Similar issue for OLMo 7B Instruct, the model card says:

For training data details, please see the Dolma, Tulu 2, and UltraFeedback documentation.

Which version of Tulu 2 and UltraFeedback was used? That would fail Julia’s criteria, too… And that’s the top scoring model.

Now, even more complicated: the ancestor of Pythia 7B is built on the the Pile dataset. Pythia-7B is one of the most well documented model out there, code, data, papers, community… all open. The dataset it’s built on was public, too but the Pile was subject to a takedown request for alleged copyright violation and is not available anymore.

The Pile is no longer hosted or distributed by The-Eye or afils.
It is however still shared among the AI/ML community presumably for its historical significance and so can still be found via public torrents.
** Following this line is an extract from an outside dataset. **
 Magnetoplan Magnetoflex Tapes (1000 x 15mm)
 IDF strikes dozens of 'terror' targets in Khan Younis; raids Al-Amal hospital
Hashes of the original dataset can be obtained from eleuther.ai at request.

Now what do we do? If I can imagine of an Open Source AI, Pythia-7B must be one. It probably even matched @juliaferraioli’s high bar for a few months. But now, what’s Pythia-7B today?

And yet, all of these systems are at the top of the charts for transparency, and reproducibility. If you look at the preliminary results of the validation phase, Pythia and OLMo both would be Open Source AI, while Falcon, Grok, Llama, Mistral would not because they don’t share Data information.

Is the draft Open Source AI Definition working as intended? Can we please get more eyeballs to review systems?